Phototropic glasses show less light when exposed permeability than in the unexposed state and are on because of this property already as glasses for sunglasses len, which automatically adjusts the ambient light level adjust circumstances. The invention provides such phototropic lenses for exposure control in a camera  to use. This enables the conventional rule setup of such a camera easier and cost to make it cheaper or, in the best case, complete save.

The light quantity control is expressed in aperture steps rich in stationary cameras like those used in outdoor areas Fixed installations or apartments for surveillance purposes are about 1 to 360. This control range is defined by a shutter control that controls the aperture steps from 4 to 22 detected, and by an aperture control, the rest Control range monitored, implemented. When using the he phototropic glasses according to the invention provided in the light path it is possible with such stationary cameras, the aperture control and save the entire exposure control solely through the shutter control and the phototropic glasses perform.

The invention is not limited to video cameras but also affects conventional film cameras or cameras.

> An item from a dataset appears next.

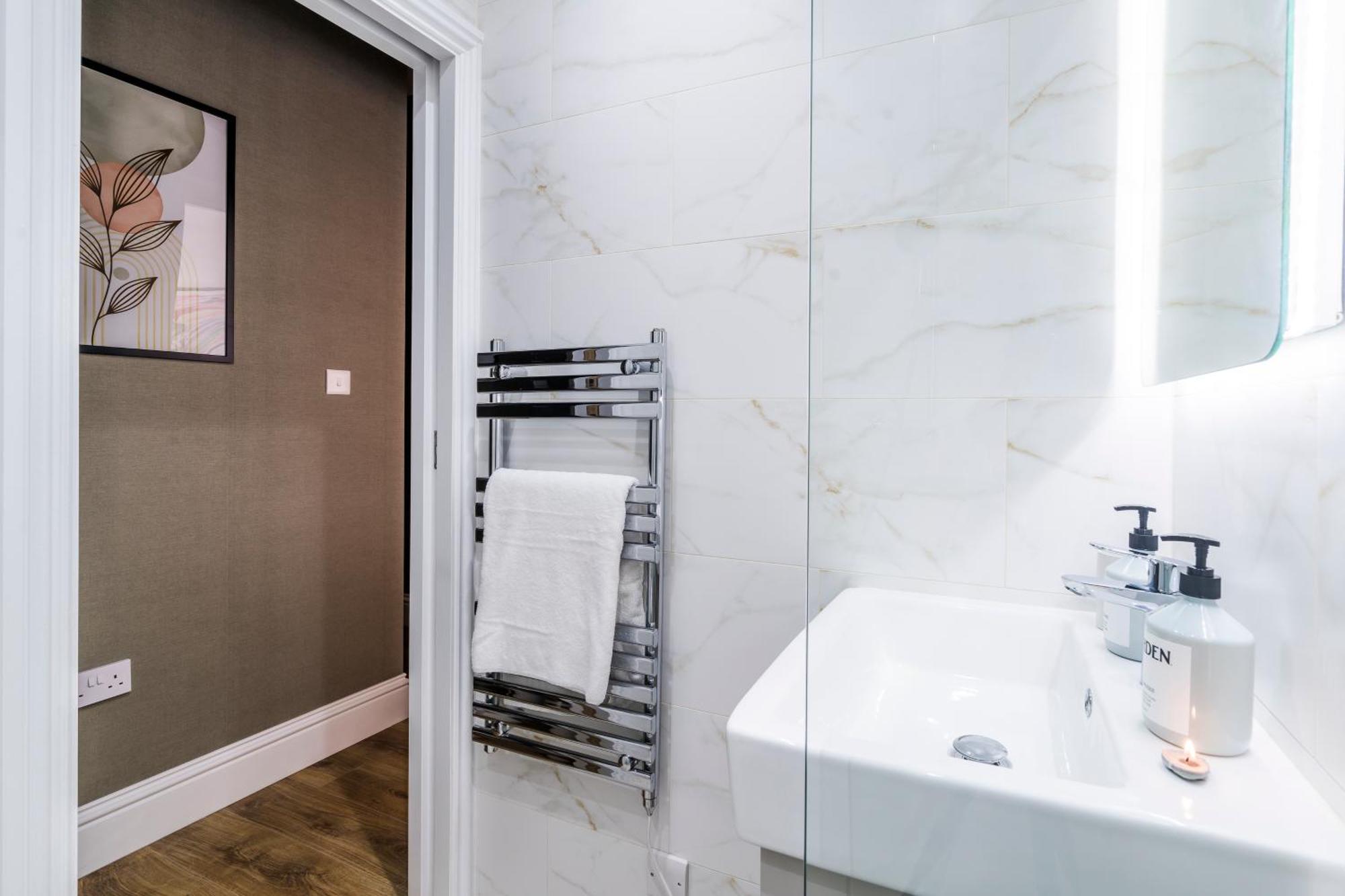 Cozy 2 Bedroom Apartment In Sutton Sutton  Kültér fotó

According to a first embodiment of the invention, he is stes phototropic glass in the beam path in front of the lens, the between the visual field and the lens, means what has the advantage that the phototropic glass is free from the outside is accessible and therefore removed or removed in a simple manner can be exchanged.

According to a second embodiment of the invention there is a second phototropic glass in the beam path behind the Lens, that is between lens and image plane, while according to a third embodiment of the invention, both a first phototropic glass in front of the lens as well as a two phototropic glass behind the lens.

In the second and third embodiments, this can second phototropic glass behind the lens on difference Lichen positions along the optical axis can be used  or arranged displaceably along the optical axis his. This has the advantage that, depending on the Position of the second phototropic glass a partial light quantity regulation is possible. The second is phototropic glass in the near range of the image plane, it is through which affects locally different image brightness and it there is a light transmission in the second phototropic glass pattern, which depends on the brightness of the respective image area. As a result, hel darker areas of the image are darkened more than darker areas Image areas. This makes it possible to differ in brightness de in the object image, which is particularly of It can be an advantage if the light emanating from the object speed range larger than that detectable by the sensor element Brightness range is. This can be the case, for example Case if the object is a light source, for example a lantern or the like.

The closer the second phototropic glass is to the image plane , the more partial or selective is its exposure regulation. Unless the second phototropic glass is along The optical axis is designed to be displaceable hence the selectivity of its light quantity control Change desire.

According to a further advantageous embodiment of the Erfin the second phototropic glass can only partially intersection of the beam path in the plane perpendicular to the opti axis, thereby creating a selective exposure regulation is only obtained in this subsection.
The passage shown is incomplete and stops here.